29. The Minister conceded that the rate of progress in reducing error had not matched the impact the Department had been having on fraud.[38] He hoped that the counter-error strategy noted above would begin to show progress shortly:

"The figures which are published on error of course have quite a lag in them, so the recent ones have not shown particularly significant progress, although the last issue of figures did show a further £100 million fall, I think, in the error estimates, which was encouraging." [39]


30. As well as leading to errors - and the consequent increase in appeals and the workload for decision-makers - complexity leads to uncertainty and indecision for claimants. This is particularly important as people start to consider whether or not to enter the labour market. We cover this in more detail in the later section of this report on work incentives, but it was an issue on which we received a substantial amount of evidence.

31. Sue Royston, from Citizens Advice (and secondee to the Benefit Simplification Unit), spoke powerfully of the impact that complex bureaucracy can have on individual motivation, saying "Everyone wants those who are able to go back to work to return to work but, for people caught in messes like this, it does significantly affect their lives."[40]

32. Donald Hirsch of the JRF agreed, commenting "the particular risk of having complexity … is not realising what you could be entitled to in work. Even though on paper it looks like you are better off, you do not realise it"[41] and concluding:

"it creates a kind of conservatism really. It creates the opposite of flexibility. If you are getting something and you have an opportunity to do something else, you are afraid of changing your status. That is particularly also to do with the difficulties we have in huge distinctions between your status when you are working and not working." [42]

33. And Paul Treloar of Disability Alliance took the view that the interactions between benefits "actively work against people thinking 'This is something that I can manage and achieve' because of the concern around losing benefits or losing income and not fully understanding the situation."[43]

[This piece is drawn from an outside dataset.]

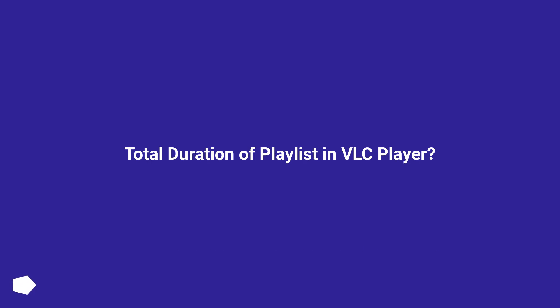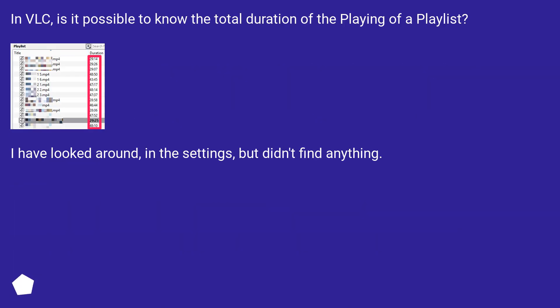Total Duration of Playlist in VLC Player? In VLC, is it possible to know the total duration of the playing of a playlist? I have looked around in the settings, but didn't find anything.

34. Complexity becomes a problem for Government when it acts as a barrier to what it wants to achieve, especially in welfare to work. And therefore simplification, and viewing services from the claimants' point of view, must not be looked at in isolation. It may, firstly, form a useful tool in the process of efficiency savings, as noted by Sir David Varney in his report on Service Transformation:

"The taxpayer can benefit too. The Gershon Review identified £21.5 billion of efficiency savings to be released by 2007-08, primarily through improved procurement, shared corporate office services and business process redesign. While there remain significant opportunities to release further savings in these areas over the 2007 CSR years and beyond, there are also opportunities to join up front-line, first-contact service delivery around the needs of the citizen and business. This will release further savings through the reduction of duplication in front-line service delivery. Over the longer term these benefits will also be felt in the back office that supports these front-line contacts, as there are likely to be major opportunities for sharing and rationalisation."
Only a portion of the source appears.